洗脳の始まり

20XX年2月15日

夜10時に夫が一人で外出し、翌朝4時に帰宅した。

これまでも週に二回ほど、そういうことがあった。

ここ最近の夫とMさんの行動を見ていると、夫の夜中の外出も怪しく感じてくるようになった

数日後の土曜日、私の国家試験受験が終わったので(昨年に引き続き、受験した。結果はダメだった)、お疲れ会という名目で、義父母が我が家に遊びに来てくれた。

義父母は、ずっと私と夫のいざこざの相談にのってくれ、サポートしてきてくれていたので、今回も様子を見に来るという目的でもあった。

鍋料理をつつきながら、皆で談笑していると、ずっと黙っていた夫が突然、口火を切った。

「ママって、彼氏がいるでしょ?」

・・・・ハ??

それは、おめーだろ。。

咄嗟になんて言っていいかわからなかったが、その場にいた義父母、息子はびっくりしたように凍り付いていた。

私「そんなわけないでしょ。何言ってるの?」

夫「証拠もある!」

義母は何とかその場を丸く収めようと、

「いないって言ってるんだから、いないでしょ。

もうやめなさい。」と夫を諫める。

夫は義母の言葉は無視して、

「去年、彼氏と一緒に旅行行ったでしょ。」と私に投げかけてくる。

意味がわからない。

何のことを言っているのか、全くわからないのだ。

とにかく私は、その場に凍り付いている息子のことが心配だった。

夫はようやく息子に気付き、「お風呂に入って来て」と息子を部屋から出した。

義母が「息子がいる前で、なんて酷いことを、、、、!」と夫に怒った。

すると夫は、

「息子には、今日大事な話をするから、お風呂に入ったり、ゲームしてていいと予め言ってある。」と言った。

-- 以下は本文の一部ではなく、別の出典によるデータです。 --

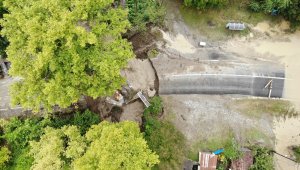 Çöken yola düşen iki araçtan 12 kişi kurtuldu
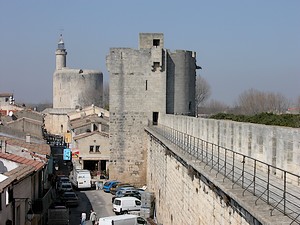 Porte de la Gardette et Tour de Constance à l'horizon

私は夫が何の話をしているのか、全くわからなくて混乱した。

去年?去年、どっかに行ったっけ、、、?

記憶を呼び起こす。

一昨年の年末に、夫から突然離婚したいと言われてから、家計費を払ってくれなくなったので、国家試験の勉強中だったが中断し、昨年の3月から仕事に就いた。

昨年は、夫の暴行に怯え、仕事に没頭していた。

彼氏もいないし、当然、旅行なんて行っていない。

思い起こしている内に、もしかして、昨年の秋口に出張に行ったけど、、、、そのことか?

家を離れたのはこの時だけだから、この出張のことだと思い当たった。

私「去年、出張に行ったけど、そのこと?」

夫「男と一緒にいた。領収書とか証拠もある。

確かに出張は、上司の男性と行った。

しかし、、、、それが彼氏ということになるか、、、?

私がそのことを言うと、義母も疑問に思ったようで、

「じゃあ、その領収書とか見せてよ。」と言った。

しかし夫は、「裁判をするから、そこで見せる」と言って、見せてくれなかった。

裁判、、、、?

咄嗟に、これまでパズルのようにバラバラだったピースが、ようやく繋がり、一つの出来事が浮かび上がった。

夫は、昨年夏頃に行われた離婚調停で、調停員から「そんなことで離婚は出来ない」と諫められた。

調停員は「そんなことで離婚していたら、世の中の夫婦は全員離婚しているだろうね」と言っていた。

私も離婚に応じなかったので、調停は不成立で終わった。

しかし夫は、どうしても、どうしても!離婚したかったのだ。

その後、夫は私に、GPSや盗聴盗撮、私の携帯の盗み見、LINEやGoogleアカウントの不正アクセスを行い、ずっと離婚事由を探していたのだ。

何か、離婚出来るような私の落ち度がないか、ずっと昨年の調停後から、私を見張り、探っていたのだ。

ようやく、わかった。

私のベッドやリビングに仕込まれた盗撮カメラを見つけたとき、鞄の中にGPSを見つけたとき、私のGoogleにアクセスしていたことを知ったとき、いつもいつも、わからなかった。

https://shingekinomorao.com/%e6%81%90%e6%80%96/

なぜ、何のために、夫がそんなことをしているのか。

それが、この日の出来事で、ようやく合点がいったのだ。

私の落ち度=離婚事由を探していたんだね。

それが、昨年行った上司との出張だったということか。

まぁ、いい。

もう、離婚でいいよ。裁判なんてしなくても。

複雑な想いが駆け巡るが、何よりも、息子のことが心配になった。

息子は今、どんな気持ちでいるのか。

息子に話して、誤解を解きたい。

気まずい空気の中、義父母は帰って行った。

息子と話したいが、夫ががっちり息子の傍を離れない。

私は隣室で、息子が一人になる機会を狙うしかなかった。

しかし夜も更けてきており、息子はいつものように夫と一緒にベッドに入ってしまった。

「ママって、、、、彼氏がいるの?」と夫に聞いている声が聞こえた。

急いで部屋に駆けつけ、私は息子に言った。

「いないよ!!」

すると夫が、

それは、裁判が決めること」と言って、話を終わらせた。

私は今日も、眠れない一晩を過ごすしかなかった。